Pompeo hopes Sudan recognises Israel 'quickly'
US Secretary of State Mike Pompeo said Wednesday he hoped Sudan will soon recognise Israel as Washington moved to remove the Arab country as a state sponsor of terrorism.
Pompeo said that the United States wanted every nation "to recognise Israel, the rightful Jewish homeland, to acknowledge their fundamental right to exist as a country."
"We are working diligently with them to make the case for why that's in the Sudanese government's best interest to make that sovereign decision," Pompeo told reporters.
"We hope that they'll do that, and we hope that they'll do that quickly."

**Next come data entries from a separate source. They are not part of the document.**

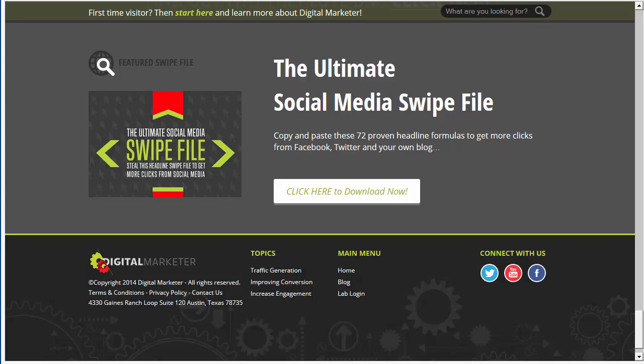Hey, this is Greg, and I want to give you a short little video on the anatomy of a fantastic funnel. You guys know that we always are promoting the idea of a funnel and bringing people in. So let me show you a great funnel that I just came across. This is Digital Marketer Ryan Dyson — I learned a ton of stuff from these guys.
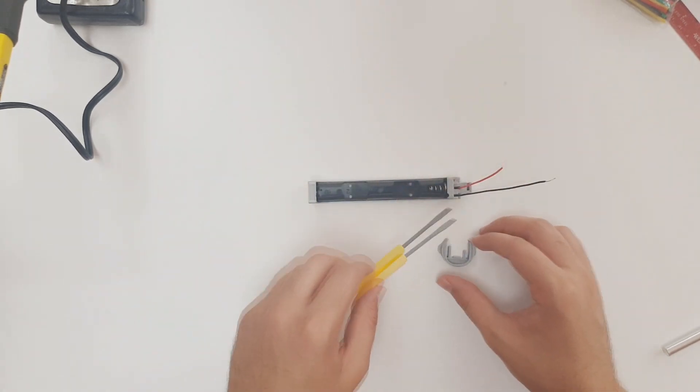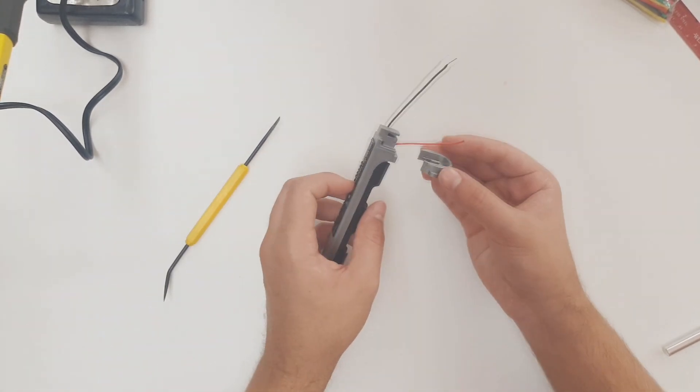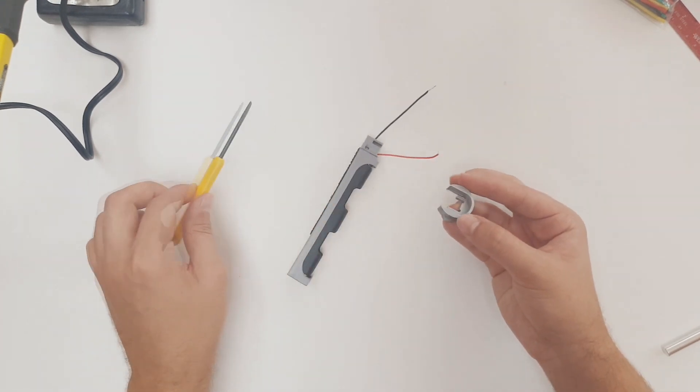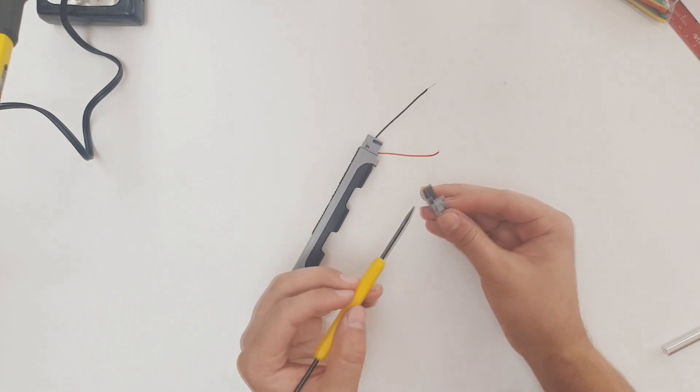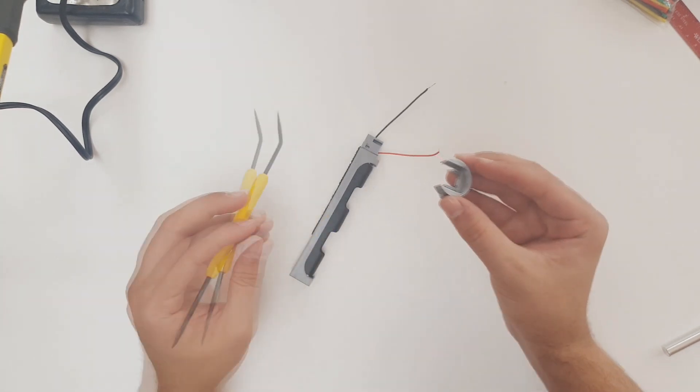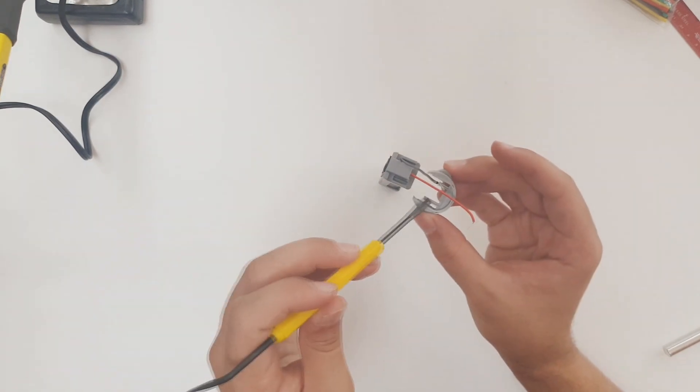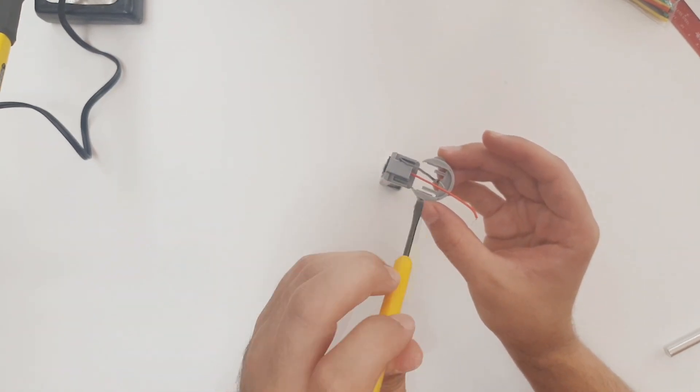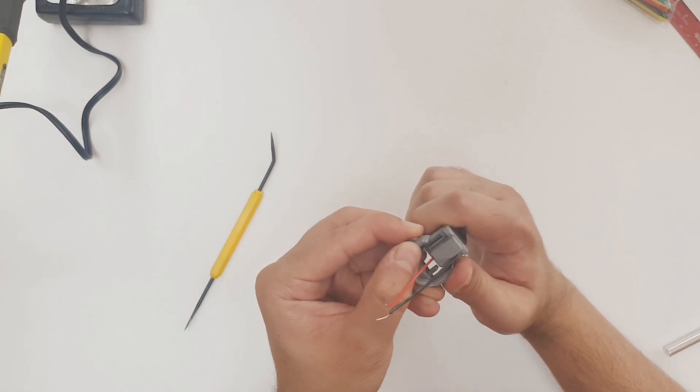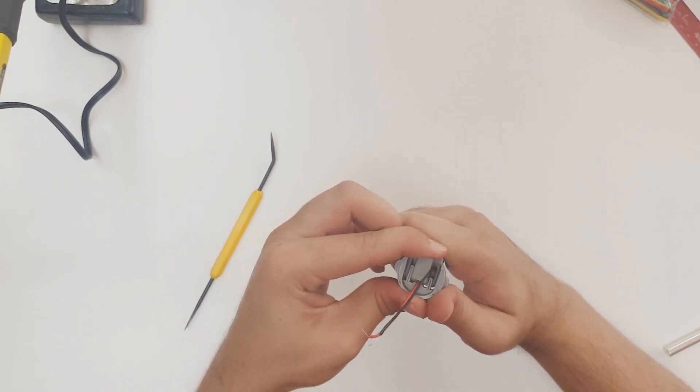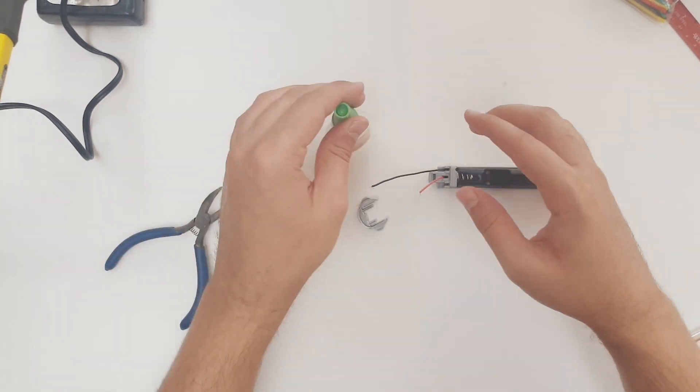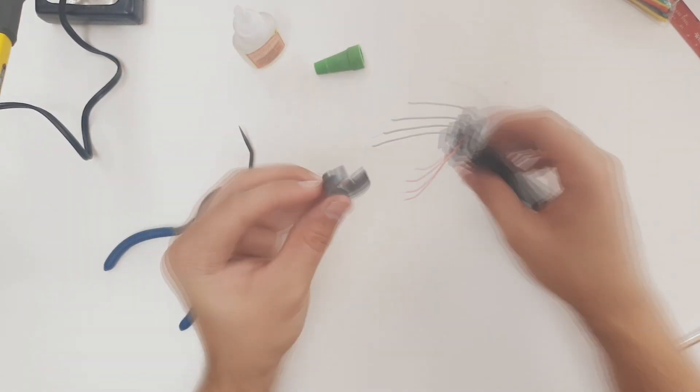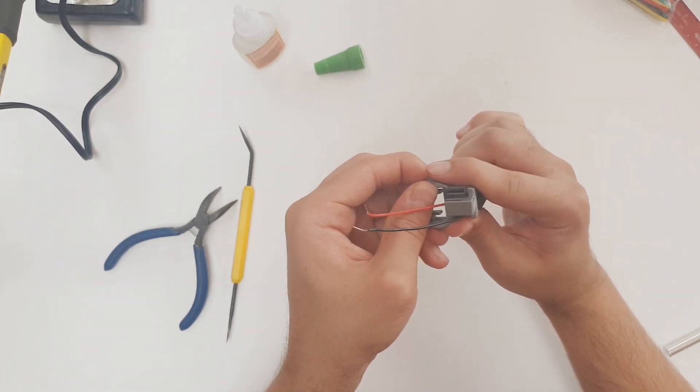The next step is installing the handle coupler piece on the battery compartment. These tracks on the battery compartment help line up the coupler for a precise fit. These prongs also fit snug onto the battery compartment. Here I'm dry fitting the part. Then I'll apply some super glue and permanently fit the part onto the battery compartment.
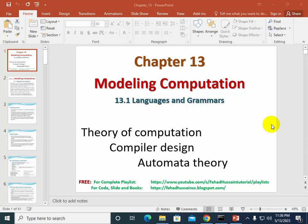Hi and welcome to the Discrete Structure or Discrete Math. Chapter 13 Modeling Computation sessions. We are going to start from chapter 1 to 12 according to the Rosen book we have covered in different sessions. Chapter 13 Modeling Computation is actually the theory of Computation, or Compiler Design, or Automata Theory.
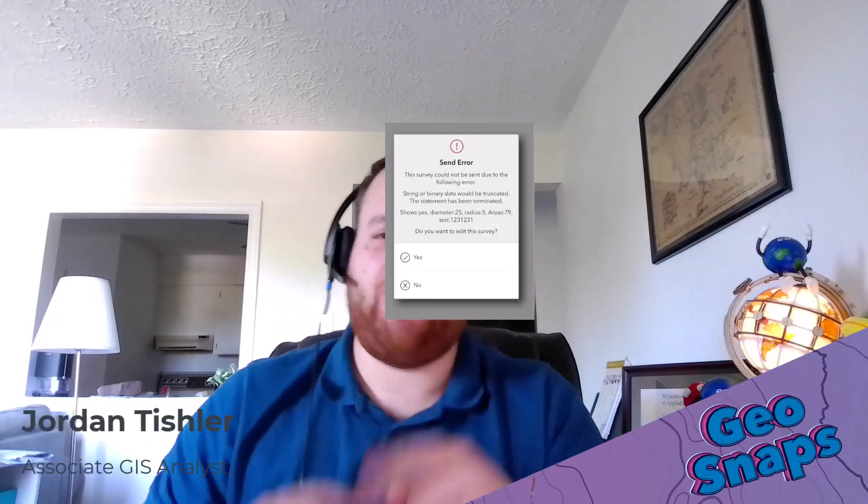Have you ever used Survey123 and encountered this error or this error, but you have no idea where to start in tackling them? Well, in today's Geosnap, I'm going to show you how to tackle errors like these by using Survey123 Connect's built-in troubleshooting tools.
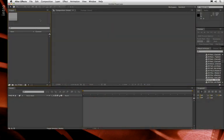Let's walk through an example of how you use the 3D Camera Tracker. For this example, I'm going to use a new piece of footage that's not included with the Creating Motion Graphics book.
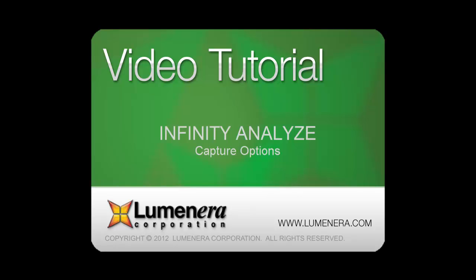This instructional video provides an overview of the image capture options as part of the tutorial series for the Infinity Analyze Microscopy software.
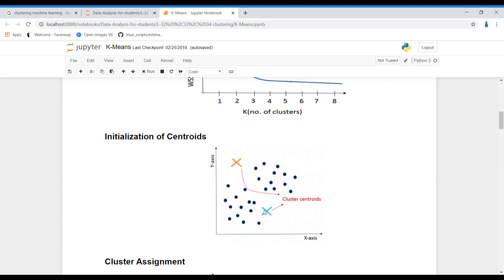K-means clustering is an iterative process — the next few steps will be repeated again and again until we get the final results.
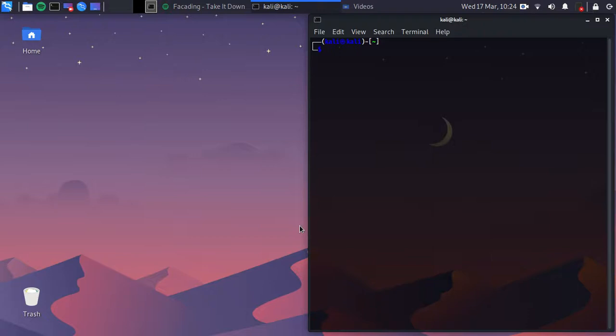Hey guys, what's up! Today I'm going to show you some basics of how to use the terminal — some commands — just an introduction to Linux.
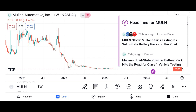Market analysis. Evaluate Micron's market share and its position within the semiconductor market. Discuss industry trends and factors influencing Micron's growth prospects, such as demand for memory and storage solutions, technological advancements, and competition. Highlight any recent developments or partnerships that may impact Micron's market position.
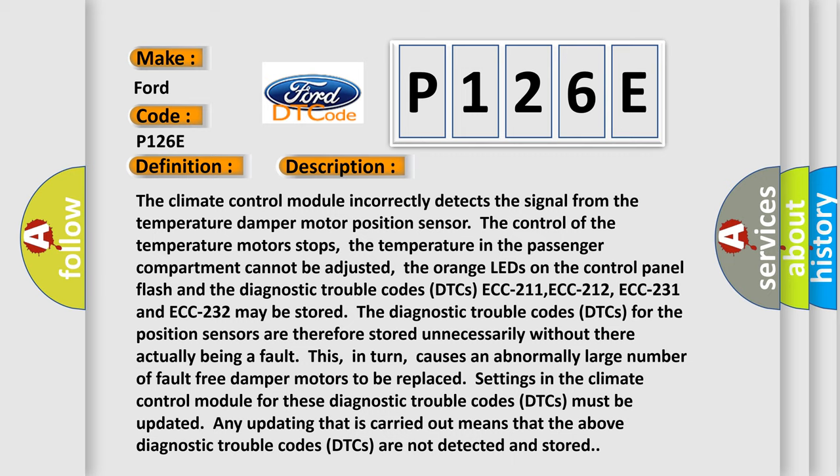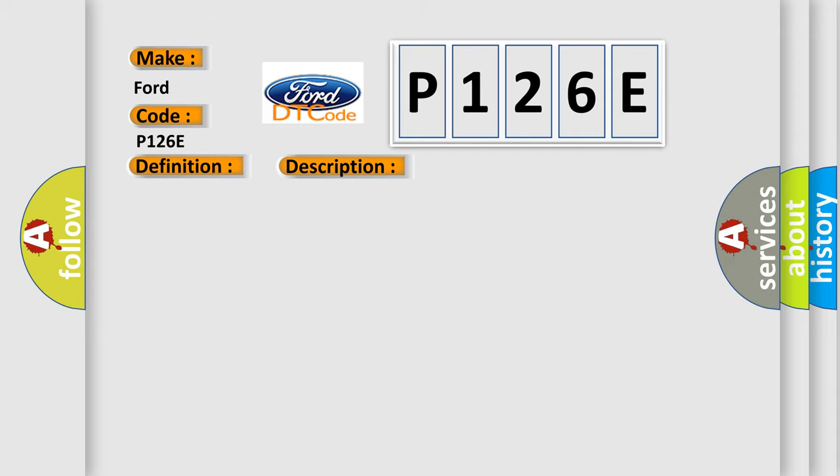The diagnostic trouble codes for the position sensors are therefore stored unnecessarily without there actually being a fault. This, in turn, causes an abnormally large number of fault-free damper motors to be replaced. Settings in the climate control module for these diagnostic trouble codes must be updated. Any updating that is carried out means that the above diagnostic trouble codes are not detected and stored.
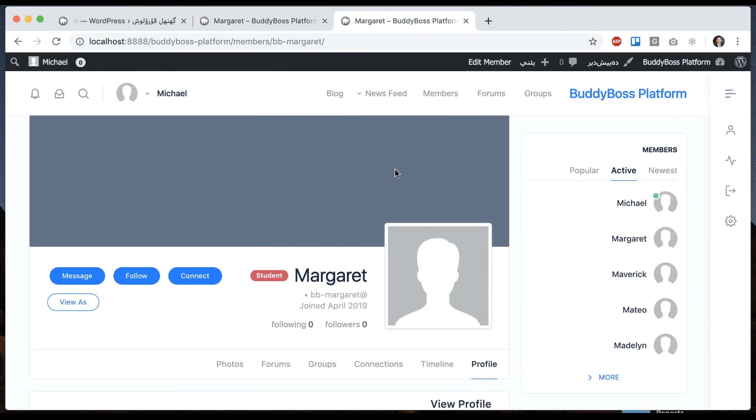Basically you can translate the BuddyBoss platform to another language. You can translate BuddyBoss theme to another language. And if you're running an RTL language, then the whole theme will flip right to left to match as well.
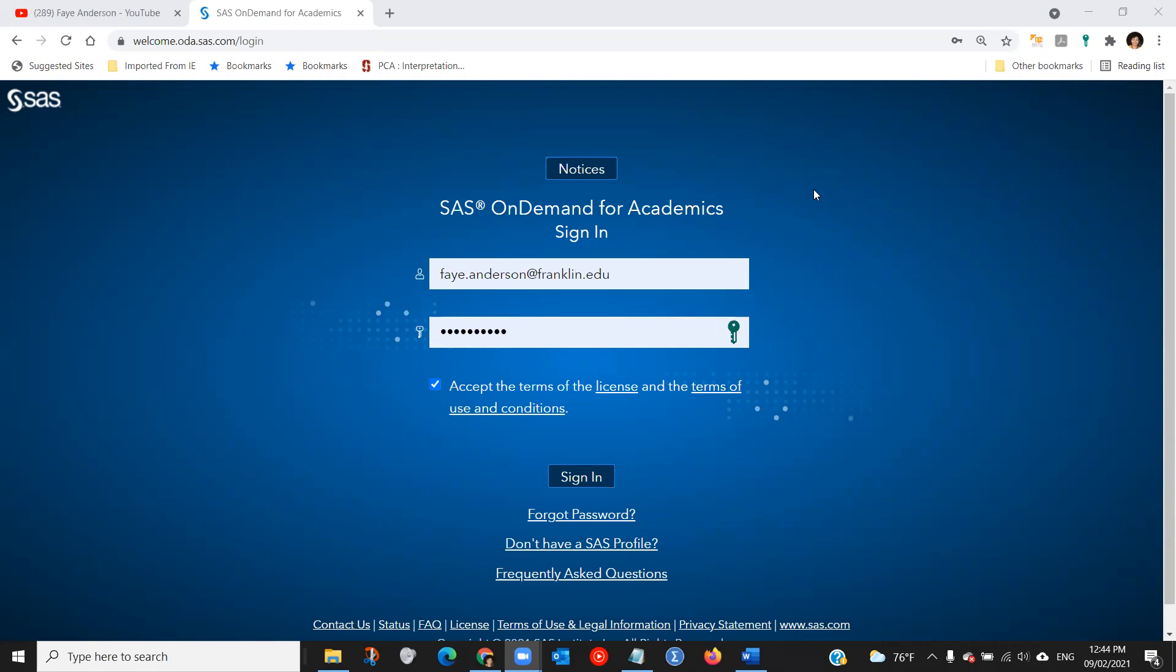Hello, this is Dr. Anderson again. For this video, I'm going to demonstrate how you can set up your SAS Studio environment before doing any analyses.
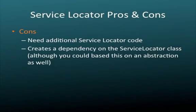However, there are some cons to using the service locator pattern. For one thing, you do need the additional service locator code in your application. So this means additional labor, additional maintenance, and it's additional code that you have to manage. In addition, you're now creating a dependency on the service locator class. Although you could base this on an abstraction as well, but the point is you have something additional that you're dependent on. So it's still better in the sense that you have an externally configurable application, but you do have this extra overhead of the service locator class itself.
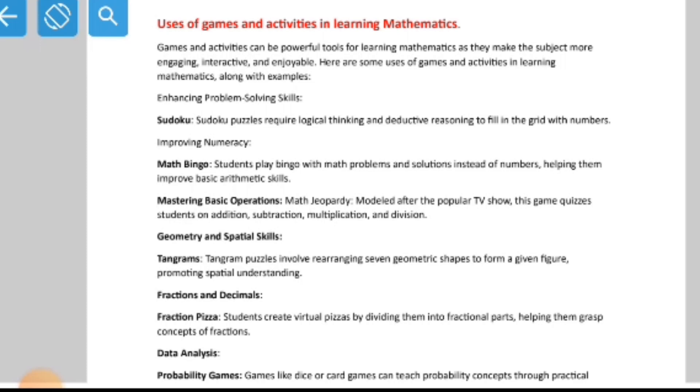As we know, mathematics is a practical subject, which means we can learn mathematics by doing certain activities and playing certain games. Mathematics is similar to science in that both are practical subjects. You see the application of mathematics in everyday life — the entire world depends on money, and what is written on money? Numbers. And those numbers come from mathematics.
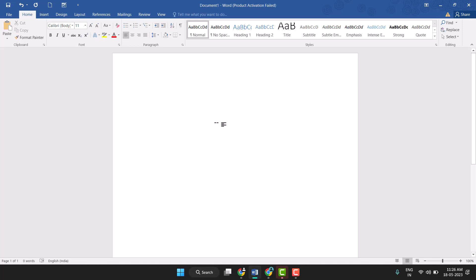Hello friends, today in this video I will show you how to insert a table in MS Word very easily. Firstly, you need to click on the Insert tab.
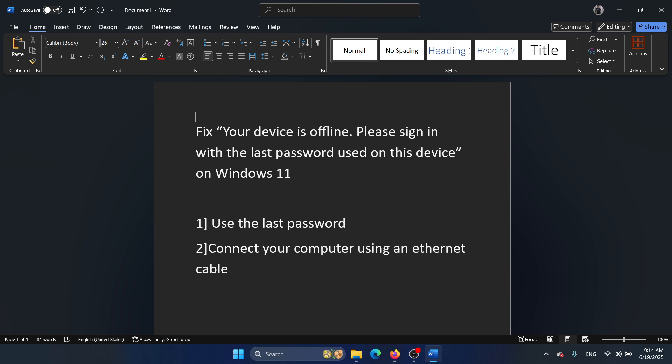First of all, log into a different account on your computer. You'll be connected to the Wi-Fi in that case, and you will be able to use your computer. Since you have already changed the password, you can re-login to the system using the newer password.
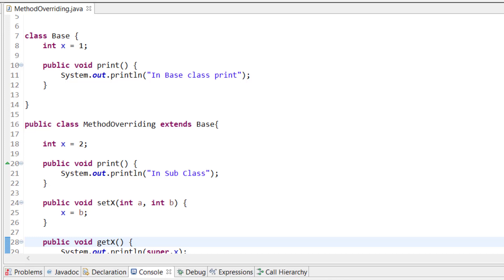Hey everyone, welcome to Coding Simplified. Now we'll see how to use the super keyword in Java. The super keyword is basically related to inheritance, where we inherit the properties of a superclass. In the last tutorial we saw how to use method overriding and how we achieve runtime polymorphism.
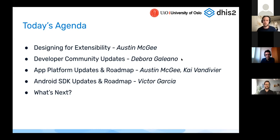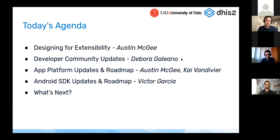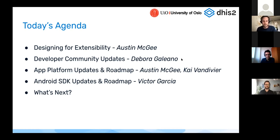Deborah will cover initiatives to support and connect with developers around the world who are building on top of DHIS2, using our tools and integrating with other systems. Then we'll cover updates and the roadmap for our application platform for web apps, Kai will introduce offline applications, Victor will cover the Android SDK, and we'll open up for questions — so feel free to post them in chat or in the community of practice.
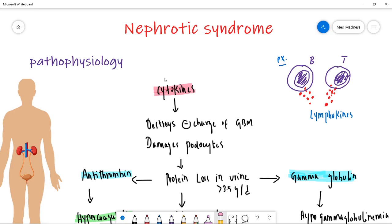Hi, welcome to Med Madness. Often med students find some words very difficult, like tram track, spike and dome appearance, and C3 nephritic factor. I'm very sure you'll be very clear at the end of this video. In the previous video we saw about renal histology and nephritic syndrome, so if you understood those videos, this video is going to be very easy for you.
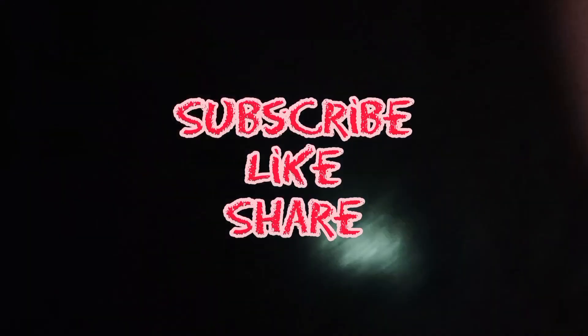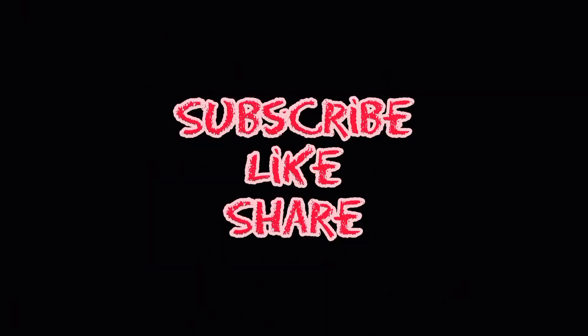Subscribe to the channel and subscribe to the channel. How are you?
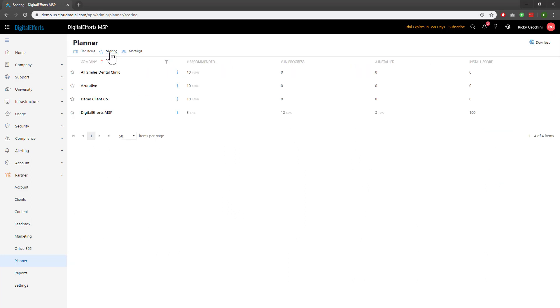This section pulls data directly from the planner. You can see that the sections mirror the planner closely. There's a recommended, in progress, and installed section that should be pretty familiar to you. At a high level, you can get information of how many items are sitting within each category for each client.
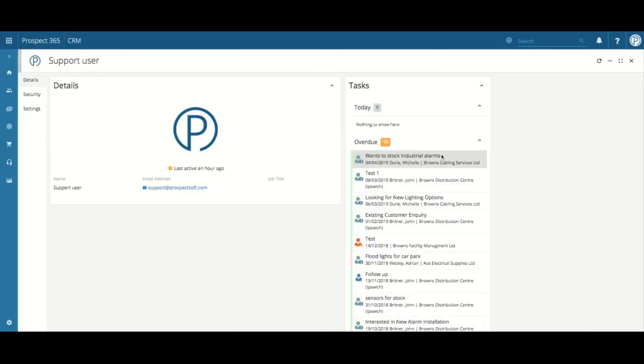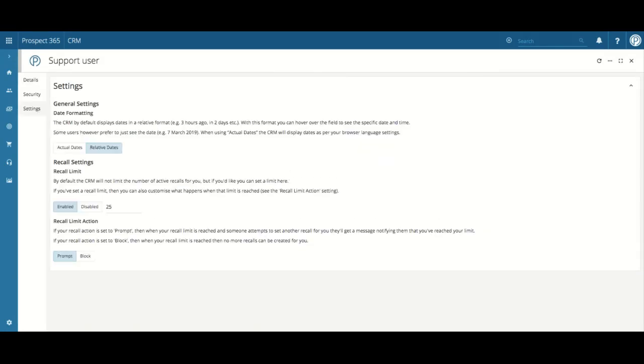Once within the About Me section, you will then need to open up the settings page on the left-hand side. Within here, our recall limit options will be situated.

Trump announced Monday that the United States would remove Sudan from its list of state sponsors of terrorism, a major goal of the year-old civilian-backed government.
Seeing leverage, the Trump administration had asked Sudan to look at normalizing relations with Israel, a close US ally and signature cause for Trump's evangelical Christian base ahead of November 3 elections.
The United Arab Emirates and Bahrain last month announced an agreement at the White House to recognize Israel, a coup for Prime Minister Benjamin Netanyahu.
Sudan was designated a state sponsor of terrorism in 1993 after then dictator Omar al-Bashir welcomed Al-Qaeda founder Osama bin Laden.
To exit the blacklist, which has severely impeded investment, the cash-strapped nation agreed to pay $335 million to survivors and victims' families from Al-Qaeda twin bombings in 1998 of the US embassies in Kenya and Tanzania.
Pompeo said that the United States had "begun the process" of the delisting. Congress then has 45 days in which it can raise objections.
"We think that there will be enormous bipartisan consensus that that's the right thing to do," Pompeo said.